LIKE you think CELL PHONES are going to disappear
or something?
Even my grandma has a cell phone.
>>sounds like a government beurocrat that would
use some argument like 911 calls.
>>Gov wants regulation because they want to
tax VOIP calls.
>>States like Calif are in the battle too they
also want piece of action.

aswath 12/4/2012 | 11:19:08 PM
re: Level 3 Wary of VOIP Regulation For those who advocate no regulation whatsoever on VoIP service providers, please consider an analogous situation: a start-up called Eclipse Aviation Corp. is building a twin-engine jet with the potential of upending the aviation industry - increase competition, reduce air fares, support small airports. Should they be regulated or be allowed to grow unfettered because it is a "disruptive technology" and going to benefit the consumers?
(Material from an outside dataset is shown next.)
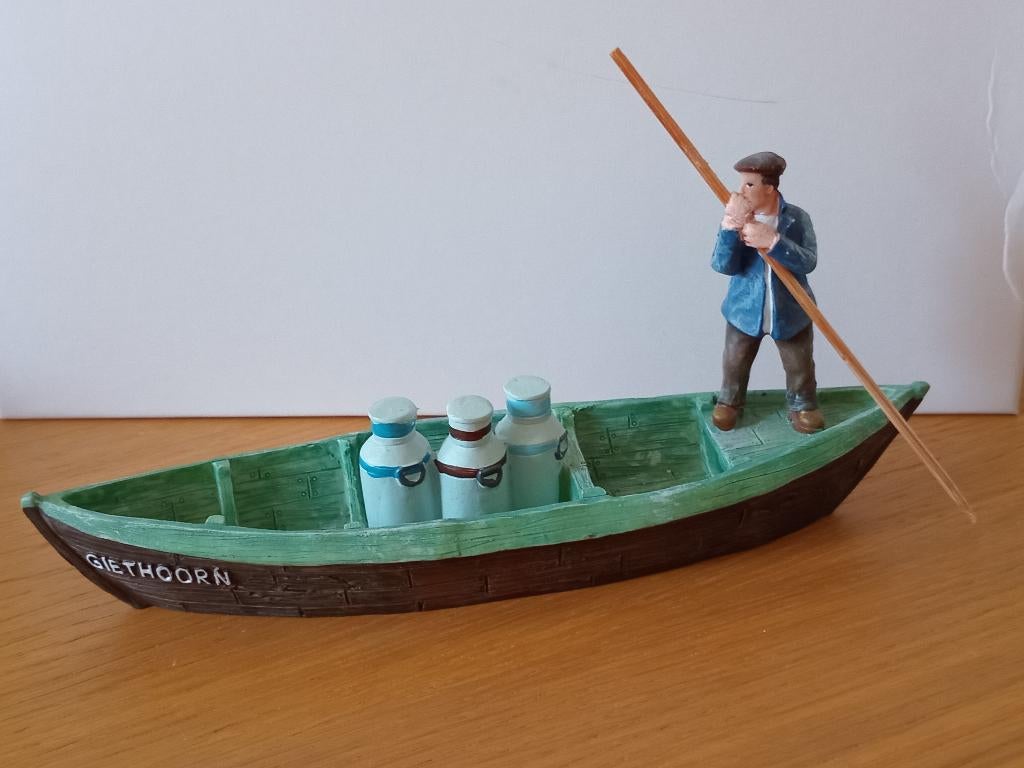 Bootje uit Giethoorn, Ophalen, Zo goed als nieuw, Mens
For the record, Eclipse is working with FAA in developing appropriate regulations for these "airtaxis" and making sure that the pilots are properly trained, because they are "acutely aware of the damage that an untoward incident could do to a nascent airplane program".

telebud 12/4/2012 | 11:19:07 PM
re: Level 3 Wary of VOIP Regulation your talking apples and oranges.
When gov regulations make sense fot the public
safety that's one issue by it self.
When gov wants to strangle business with more regulations and pick consumer's pocketbooks that's something else.
Course we live in a 'FREE MARKET' place right?
If Edison were alive today and tried to invent
the light bulb we'd all be in the dark.